» **EXERCISE INSTRUCTIONS**: Transcribe everything in the listing below exactly, except the pictures.

» **STORED DATA**:
::::
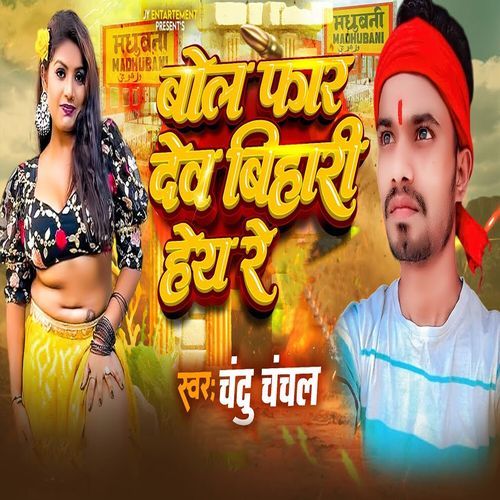 Bol Far Dev Bihari Hey Re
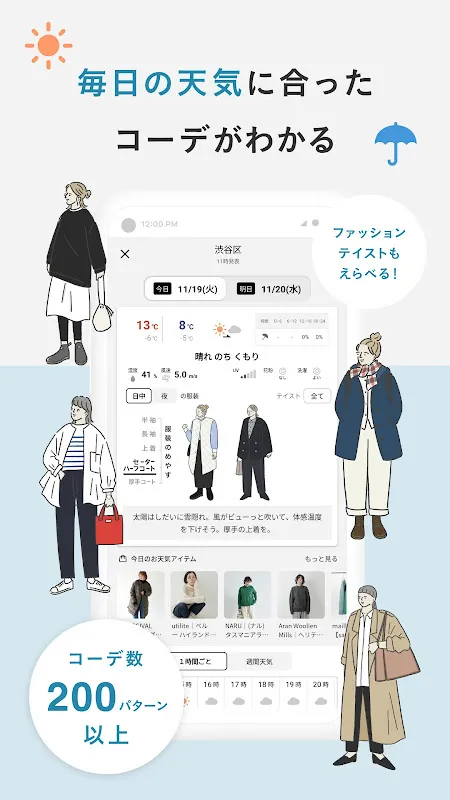 キナリノ - 自分らしい暮らしがかなう キナリノ - 自分らしい暮らしがかなう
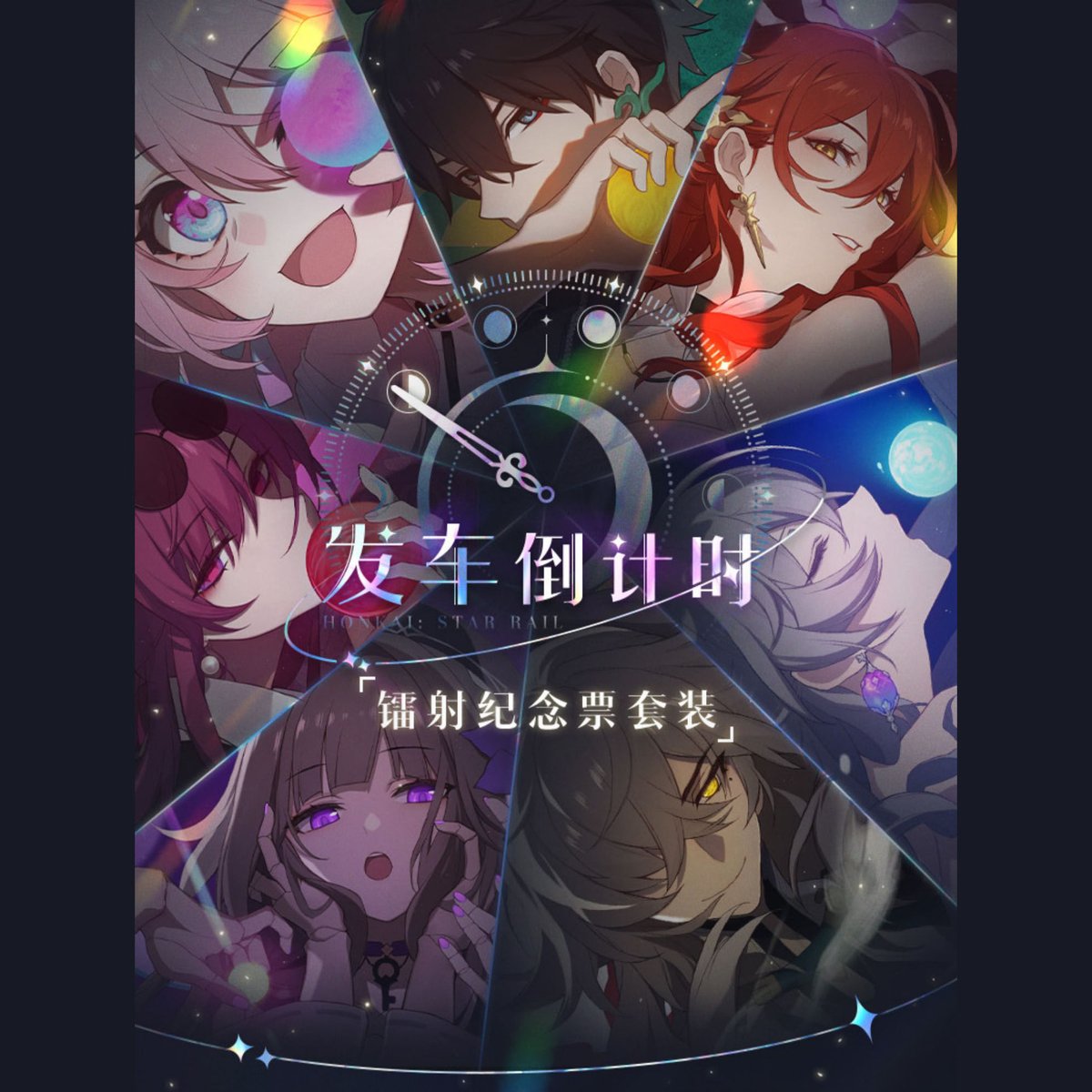 崩壊:スターレイル カフカ カード カウントダウン チケット 崩壊:スターレイル カフカ カード カウントダウン チケット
::::
» **SOLUTION TO THE PROBLEM**:
 Bol Far Dev Bihari Hey Re
 キナリノ - 自分らしい暮らしがかなう キナリノ - 自分らしい暮らしがかなう
 崩壊:スターレイル カフカ カード カウントダウン チケット 崩壊:スターレイル カフカ カード カウントダウン チケット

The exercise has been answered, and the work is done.